#### Goal of the exercise
Please copy the listing that follows exactly, leaving out any pictures.

#### Recorded data

==========

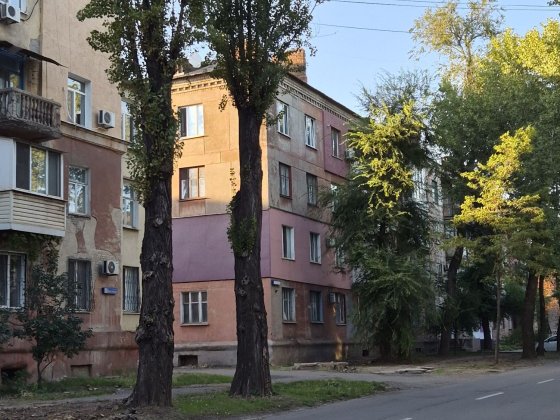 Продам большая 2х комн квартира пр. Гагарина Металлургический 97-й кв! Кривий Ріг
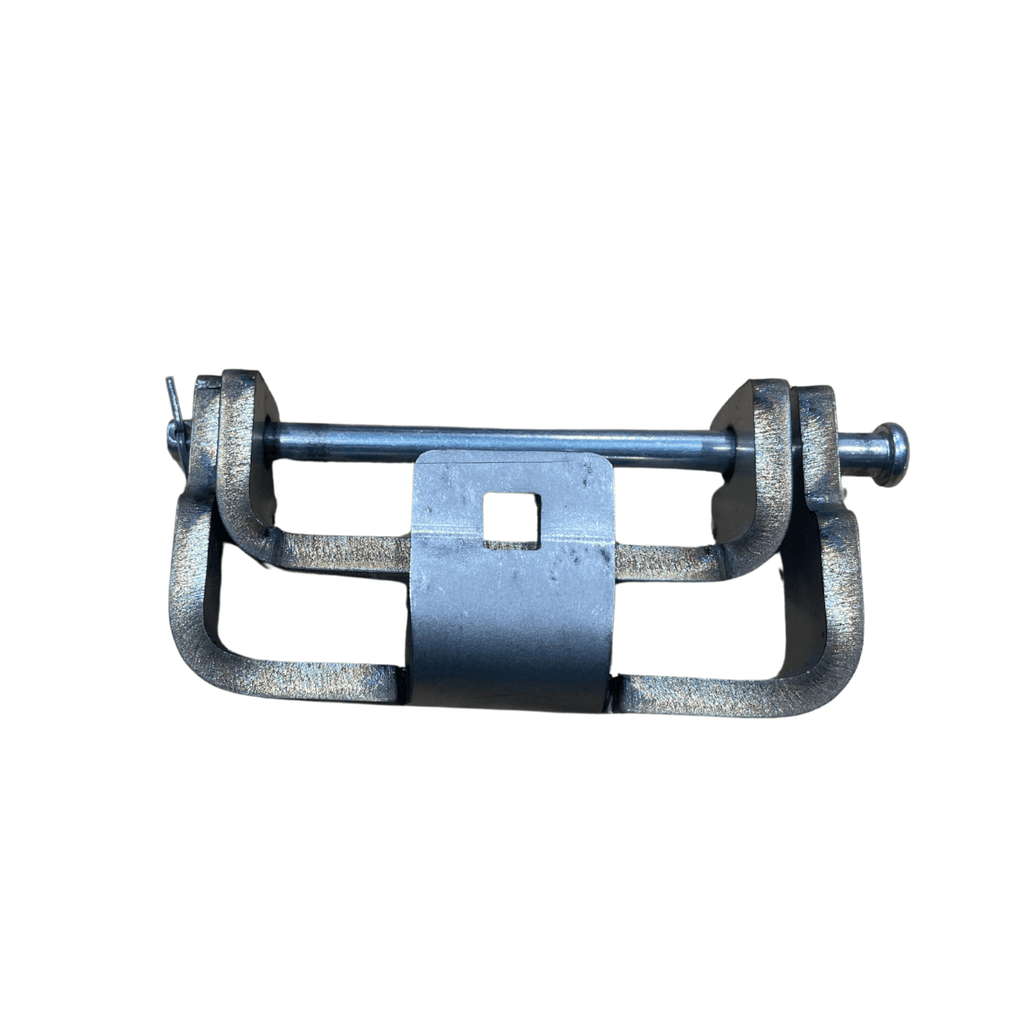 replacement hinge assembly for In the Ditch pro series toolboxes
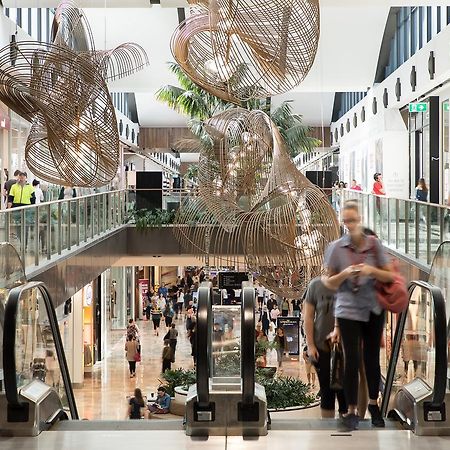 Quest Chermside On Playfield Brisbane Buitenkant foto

==========

#### Exercise output
 Продам большая 2х комн квартира пр. Гагарина Металлургический 97-й кв! Кривий Ріг
 replacement hinge assembly for In the Ditch pro series toolboxes
 Quest Chermside On Playfield Brisbane Buitenkant foto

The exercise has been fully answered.